Temat: Dyskusja: promocja miasta/regionu w internecie - mam...
Chciałem o tym porozmawiać na jutrzejszym spotkaniu, ale Łukasz nie mógł przejść obojętnie wobec tej informacji, co mnie nie dziwi i opisał ją już dzisiaj.
Na tę sprawę trzeba spojrzeć z dwóch stron. Po pierwsze, ten pan, który napisał do gazety ma rację, bo został źle potraktowany w Kielcach. Nie ważne, czy stało się tak ze względu na warszawską rejestrację, czy ze względu na to, że znalazł się w nieodpowiednim czasie w nieodpowiednim miejscu. Zapewne jest wiele sytuacji, w których złodzieje kradną wycieraczki, czy niszczą cudze mienie bez względu na te parę literek. Również, gdy są to litery "TK".
Sam jestem przykładem, bo kilka miesięcy temu jakiś kierowca rozbił mi lusterko w dobrze zaparkowanym samochodzie i oczywiście nie przeszło mu przez myśl, żeby zostawić mi swój numer telefonu w celu naprawienia szkody. Ale ja nie napisałem listu do gazety!
Zatem, wandalizm wynika przede wszystkim z cech mieszkańców danego miasta, a nie z cech przyjezdnych, którzy nie mają potrzeby, żeby im kraść wycieraczki. Jestem daleki od idealizowania kielczan i trzeba o tym pamiętać, bo PR nie znosi kłamstwa, bo prędzej, czy później wyjdzie ono na jaw. (Dlatego ciągle piszę, żeby nie nazywać Kielc "metropolią", a miastem średniej wielkości między WAW, a KRK o znaczeniu regionalnym).
Ale po drugie, co chyba jest ważniejsze w tym przypadku. Informacja ta może być uznana za łamiącą zasady etyki dziennikarskiej. Redakcja zaprezentowała tylko jedną wypowiedź, co można uznać za złamanie zasad etyki dziennikarskiej.

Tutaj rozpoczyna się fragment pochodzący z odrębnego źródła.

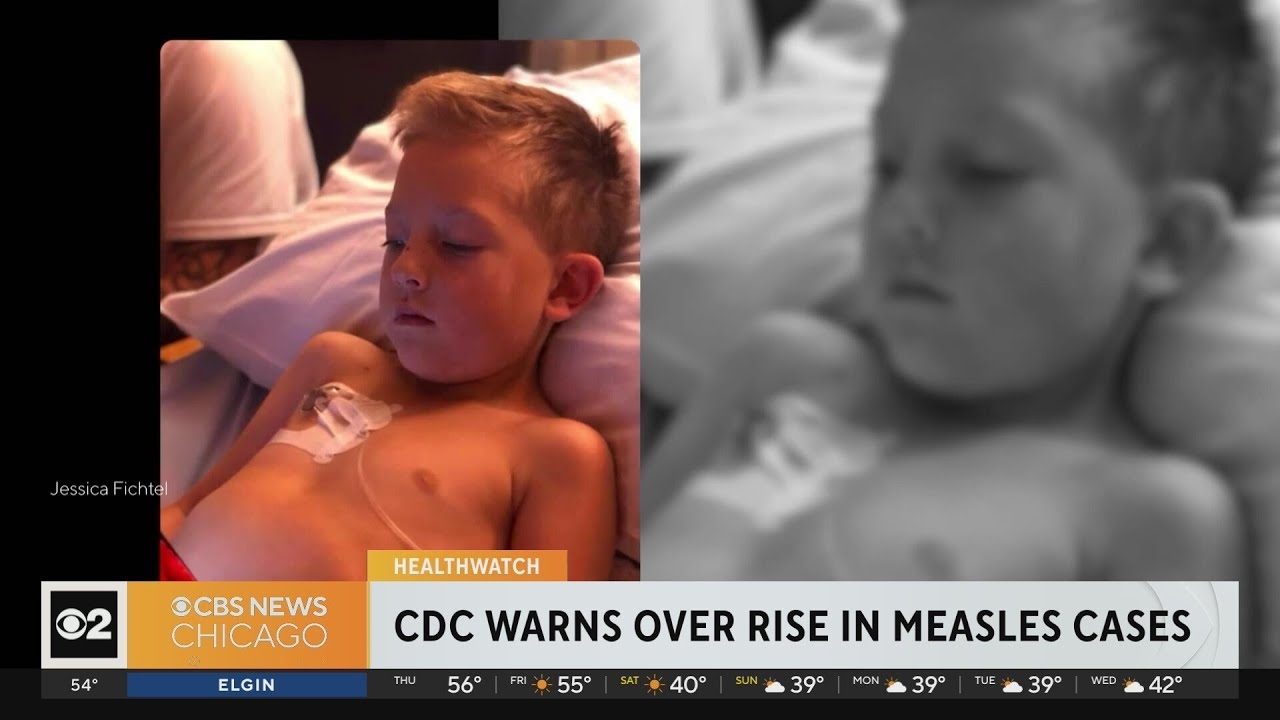 CDC warns about rise in measles cases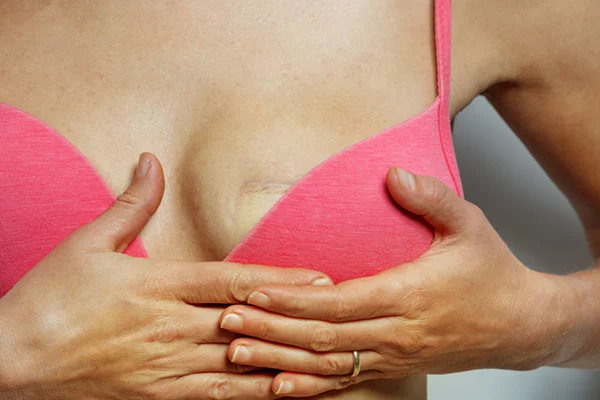 surgical-techniques-for-breast-reconstruction Surgical Techniques and Options for Breast Reconstruction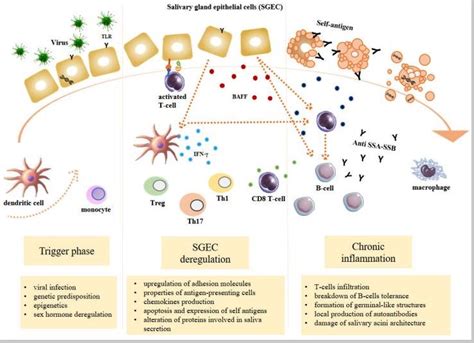 Sjogrens Syndrome Causes Genes Solutions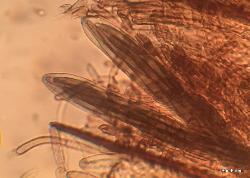 Trichoglossum hirsutum paraphyses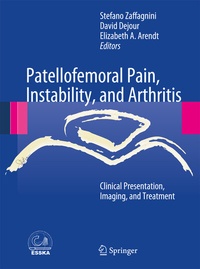Abbildung von: Patellofemoral Pain, Instability, and Arthritis - Springer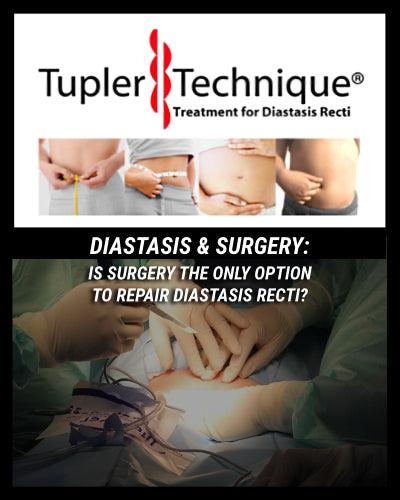 Is Diastasis Recti Surgery Your Only Option? Find Out Now! - diastasisrehab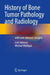 History of Bone Tumor Pathology and Radiology: With Lent Johnson's Insights by Lent Johnson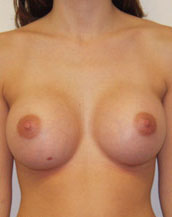 Breast Augmentation Saline Implants Before and After | CIARAVINO Plastic Surgery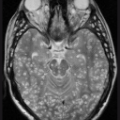 brain worm neurocysticercosis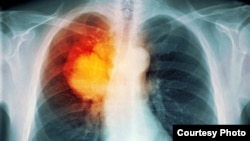 Radiografía de cáncer de pulmón. Esta localización es la de mayor incidencia en Cuba, con alto índice de fumadores.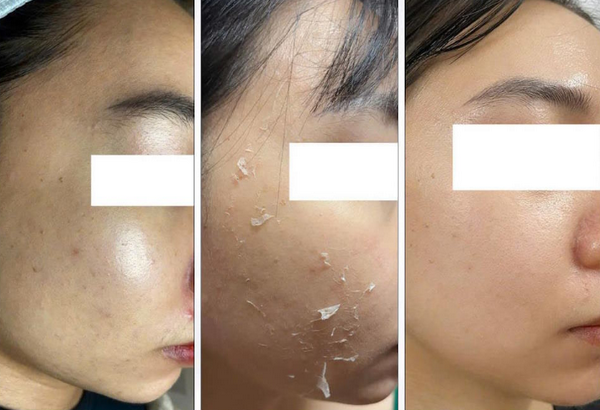 Da dầu có peel da được không? Cần lưu ý những gì?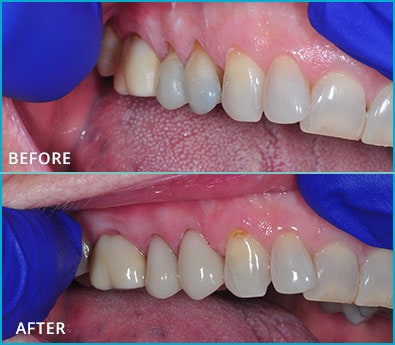 Before and After Case 20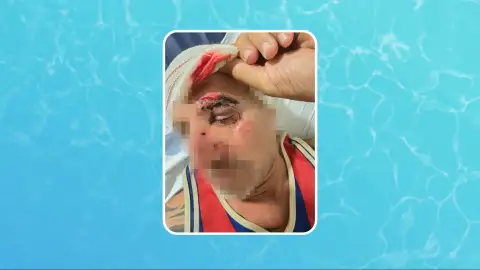 Un hombre agredido por unos okupas en L' Hospitalet Un hombre agredido por unos okupas en L' Hospitalet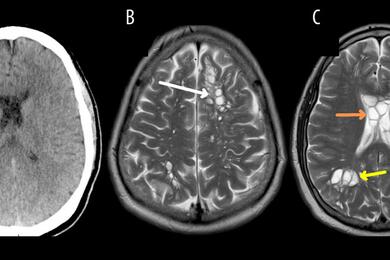 Снимки мозга больного с пораженными участками. Фото: American Journal of Case Reports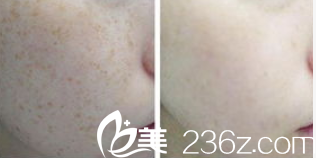 宋開濤醫(yī)生祛斑案例 宋開濤醫(yī)生祛斑案例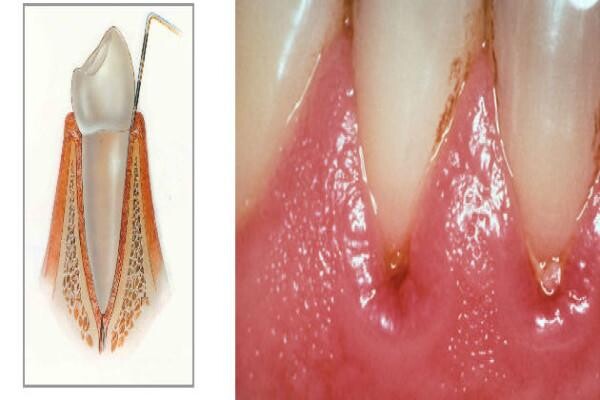 DENTAL - KNYSNA:Jan Zonnestein:Emergency Cell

Kodeks Etyki Dziennikarskiej, który znajduje się na stronach Stowarzyszenia Dziennikarzy Polskich (na podstawie deklaracji Międzynarodowej Federacji Dziennikarzy) mówi w pkt.2: "Informacje powinny być zrównoważone i dokładne, tak by odbiorca mógł odróżnić fakty od przypuszczeń i plotek, oraz powinny być przedstawiane we właściwym kontekście i opierać się na wiarygodnych i możliwie wielostronnych źródłach".

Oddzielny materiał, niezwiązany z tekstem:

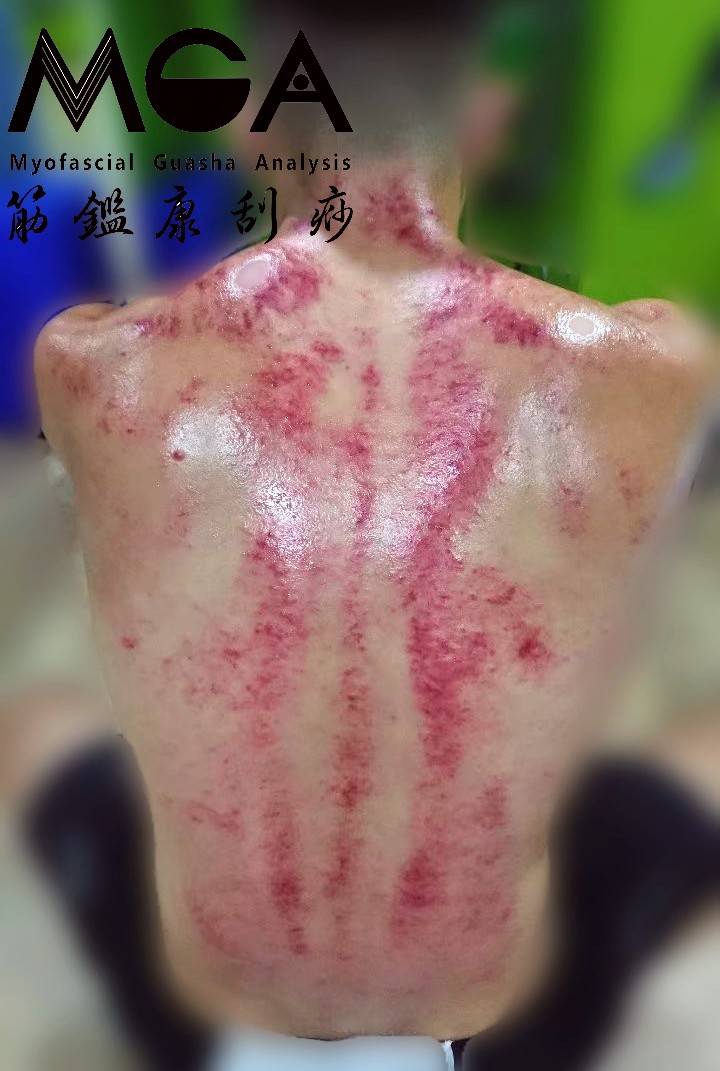 看痧圖說故事｜教練來刮痧 Part.1 -猜猜這位教練背部 哪一邊不舒服？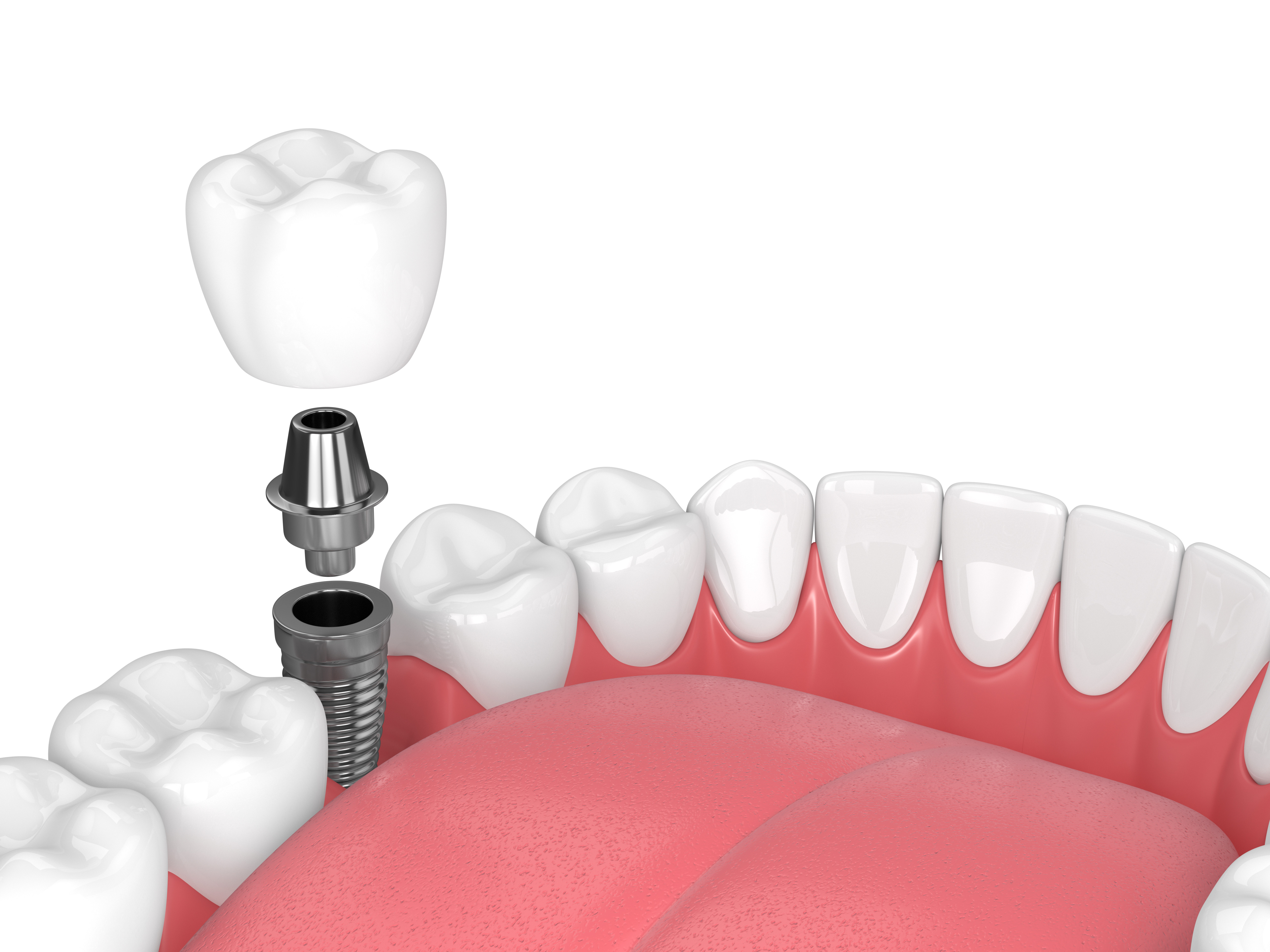 Implant Maintenance for Long Term Success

Dlaczego redakcja nie poprosiła o kontrwypowiedź Łukasza, Jacka Kowalczyka, czy kogokolwiek, kto mógłby odnieść się do listu , który chcieli opublikować? Dodajmy, że nie była to neutralna wiadomość, którą od biedy można byłoby pozostawić bez komentarza, bo ma wpływ na postrzeganie Kielc i kielczan przez Polaków.